Imagine you’re a 17 year old middle class Dutch girl. You just cycled home from another boring day at school. Trapped in the conventional humdrum of the day, you are deprived of the stirring type of high school tales that you often watch. Back home, you switch on the TV and stumble upon a rerun of Spuiten en Slikken (“Shoot and Swallow”), a sex and drugs focused talk show that broadcasts sexual experiments every week. You don’t feel like it, though. You can always watch the episode online later. (This shouldn’t be too much of a problem with a national internet accessibility rate of nearly 90%.) You decide to call your friend and see what she has been up to. When you pick up your smart phone (a device that 80% of your peers have) her Whatsapp message just pops through, “My mum is dropping me off at my boyfriend’s place now, will call you tomorrow”. You can’t help feeling somewhat begrudged. Even though you are allowed to regularly sleep over at a boyfriend’s place, as is 2/3 of your peers, and your mum put you on birth control ever since you got your first period, you haven’t found your ideal sex partner yet. But God knows you’re ready for it. Thanks to the endless chat sessions with online sexual experts and youth forums, you know exactly what to expect, how to react and when to retract. Nevertheless, still unsure and unsatisfied with the wealth of information available at the click of a mouse, where on earth do you go? Dutch documentary maker Kim Brand has you covered: Zambia.
In her latest film, ‘Onder Vrouwen’ (“Among Women”, click to watch it), Brand travels to rural Zambia to find out what “liberated, spoiled, but also insecure” Western women can learn from their African counterparts. By participating in rituals, she hopes to answer those types of sex and relationship questions that have puzzled her for years. How to please a man without losing yourself? How to build a long-term relationship and simultaneously keep the sexcitement at an acceptably exhilarating echelon?
She admires the high degree of practicality in the love lessons that the young Zambian girls get from their ‘aunties’ as preparation for adulthood. It makes her realize that in the ‘Free West’ (her inverted commas) you basically have to find it out all by yourself. But in Zambia, “she is part of a world of rituals, intimacy and guidance of a woman’s group who support each other whenever they need to”. This kind of female trust circle, the life lessons and most importantly the love lessons are exactly what she so fervently misses in the Netherlands. She takes home several Zambian lessons, such as how to move her hips to optimally satisfy a man and how to clap her hands as a sign of gratitude after the deed.

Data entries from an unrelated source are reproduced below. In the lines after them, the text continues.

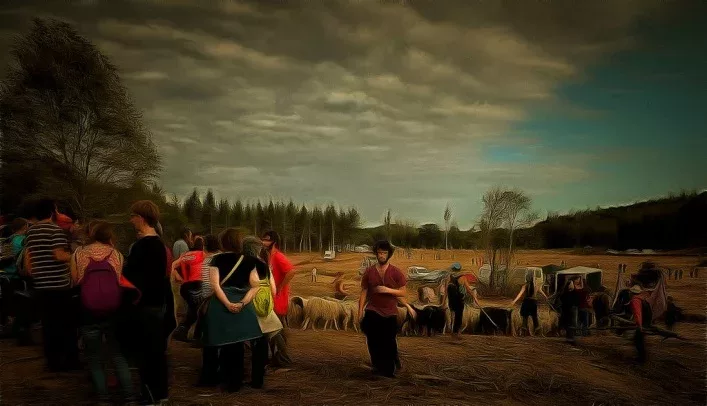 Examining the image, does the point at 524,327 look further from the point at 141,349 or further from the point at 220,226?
the point at 141,349

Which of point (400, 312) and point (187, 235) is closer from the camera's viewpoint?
point (187, 235)

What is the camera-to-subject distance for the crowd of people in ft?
15.2

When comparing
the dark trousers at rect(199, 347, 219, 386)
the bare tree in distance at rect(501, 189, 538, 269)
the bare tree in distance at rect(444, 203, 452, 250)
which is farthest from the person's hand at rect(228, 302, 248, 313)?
the bare tree in distance at rect(501, 189, 538, 269)

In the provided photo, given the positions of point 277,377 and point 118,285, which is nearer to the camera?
point 118,285

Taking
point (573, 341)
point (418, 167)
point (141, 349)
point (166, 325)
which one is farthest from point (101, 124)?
point (573, 341)

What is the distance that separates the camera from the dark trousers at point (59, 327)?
5.58 metres

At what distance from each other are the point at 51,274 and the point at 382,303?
336cm

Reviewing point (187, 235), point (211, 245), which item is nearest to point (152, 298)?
point (211, 245)

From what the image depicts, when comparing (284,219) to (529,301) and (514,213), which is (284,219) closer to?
(514,213)

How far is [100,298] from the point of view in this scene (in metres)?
4.65

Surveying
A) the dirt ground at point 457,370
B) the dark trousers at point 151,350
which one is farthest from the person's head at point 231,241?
the dirt ground at point 457,370

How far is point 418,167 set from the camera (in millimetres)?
7473

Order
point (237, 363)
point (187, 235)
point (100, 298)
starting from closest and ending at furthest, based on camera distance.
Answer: point (100, 298) < point (237, 363) < point (187, 235)

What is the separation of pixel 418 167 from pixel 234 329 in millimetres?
3590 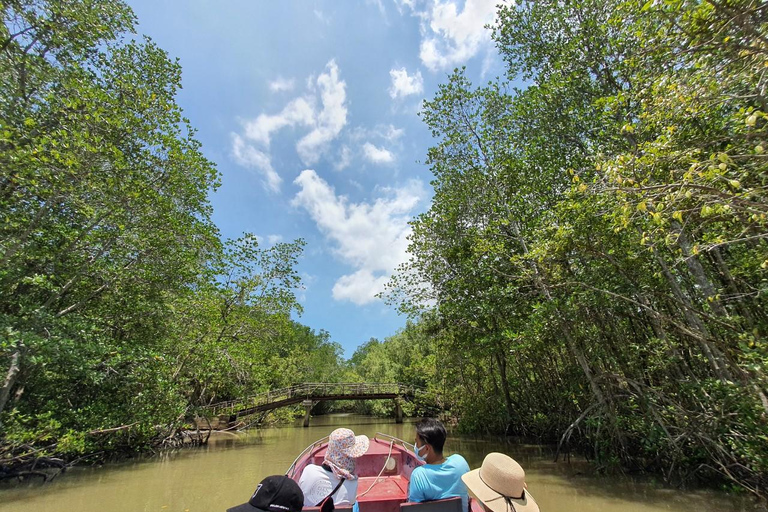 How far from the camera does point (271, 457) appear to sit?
13.0 metres

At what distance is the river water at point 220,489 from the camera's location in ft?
21.8

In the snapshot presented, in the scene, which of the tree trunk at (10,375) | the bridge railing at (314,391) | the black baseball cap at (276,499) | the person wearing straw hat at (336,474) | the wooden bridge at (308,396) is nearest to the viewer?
the black baseball cap at (276,499)

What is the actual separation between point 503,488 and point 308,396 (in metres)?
23.2

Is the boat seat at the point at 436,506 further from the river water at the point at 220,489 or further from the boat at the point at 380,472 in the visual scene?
the river water at the point at 220,489

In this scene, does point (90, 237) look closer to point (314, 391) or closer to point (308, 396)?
point (308, 396)

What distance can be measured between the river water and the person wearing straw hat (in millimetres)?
5560

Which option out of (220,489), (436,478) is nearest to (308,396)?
(220,489)

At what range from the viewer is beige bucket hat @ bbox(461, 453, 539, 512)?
214 centimetres

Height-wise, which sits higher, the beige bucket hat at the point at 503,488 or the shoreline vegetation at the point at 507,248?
the shoreline vegetation at the point at 507,248

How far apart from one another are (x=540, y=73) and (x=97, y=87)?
12.0 meters

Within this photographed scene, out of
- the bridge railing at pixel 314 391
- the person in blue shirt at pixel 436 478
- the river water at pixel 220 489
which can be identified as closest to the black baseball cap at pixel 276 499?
the person in blue shirt at pixel 436 478

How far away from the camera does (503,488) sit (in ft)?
7.16

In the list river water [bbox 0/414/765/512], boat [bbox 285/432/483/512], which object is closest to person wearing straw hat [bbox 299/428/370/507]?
boat [bbox 285/432/483/512]

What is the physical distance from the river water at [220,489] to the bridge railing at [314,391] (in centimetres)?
566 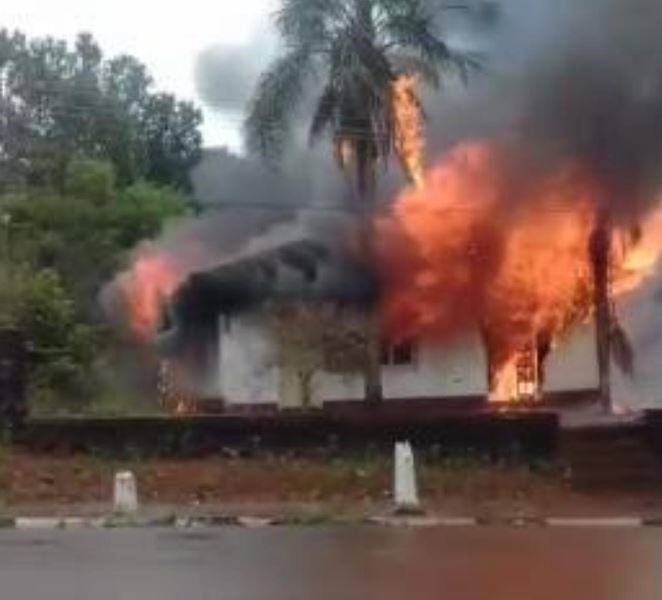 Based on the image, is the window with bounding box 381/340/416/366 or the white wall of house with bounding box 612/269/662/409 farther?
the window with bounding box 381/340/416/366

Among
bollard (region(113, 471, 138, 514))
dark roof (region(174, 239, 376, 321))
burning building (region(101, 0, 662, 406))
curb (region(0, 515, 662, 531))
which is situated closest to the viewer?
curb (region(0, 515, 662, 531))

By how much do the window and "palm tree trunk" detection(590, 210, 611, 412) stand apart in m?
4.42

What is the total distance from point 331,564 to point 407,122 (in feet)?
57.8

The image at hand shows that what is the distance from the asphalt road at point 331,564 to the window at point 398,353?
16.6 meters

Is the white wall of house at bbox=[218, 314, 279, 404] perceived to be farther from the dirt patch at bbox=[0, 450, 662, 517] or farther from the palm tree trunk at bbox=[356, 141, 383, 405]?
the dirt patch at bbox=[0, 450, 662, 517]

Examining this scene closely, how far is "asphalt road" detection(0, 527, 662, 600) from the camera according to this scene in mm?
11188

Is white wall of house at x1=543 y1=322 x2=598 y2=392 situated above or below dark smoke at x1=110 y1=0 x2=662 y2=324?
below

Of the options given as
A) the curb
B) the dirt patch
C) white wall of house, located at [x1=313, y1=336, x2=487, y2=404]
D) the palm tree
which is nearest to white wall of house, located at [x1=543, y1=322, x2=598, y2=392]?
white wall of house, located at [x1=313, y1=336, x2=487, y2=404]

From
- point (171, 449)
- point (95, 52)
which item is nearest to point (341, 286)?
point (171, 449)

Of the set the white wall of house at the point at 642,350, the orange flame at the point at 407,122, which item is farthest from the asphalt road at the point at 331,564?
the white wall of house at the point at 642,350

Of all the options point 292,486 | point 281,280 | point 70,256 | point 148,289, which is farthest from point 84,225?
A: point 292,486

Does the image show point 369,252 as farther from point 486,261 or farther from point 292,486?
point 292,486

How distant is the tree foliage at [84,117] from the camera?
57844 mm

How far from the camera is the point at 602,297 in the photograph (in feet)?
101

The documentary is not the first manifestation of the centuries-old Dutch fascination with black sexuality (most recently, a casting agency put out a call for “white girls who are exclusively into black men” for a new reality show).
It doesn’t matter whether it’s existential confusion, employment fatigue, stress or sexual frustration. No matter how out-of-sync and contextually detached it gets, to Dutch twenty-somethings, there’s an African solution for every Dutch puzzle.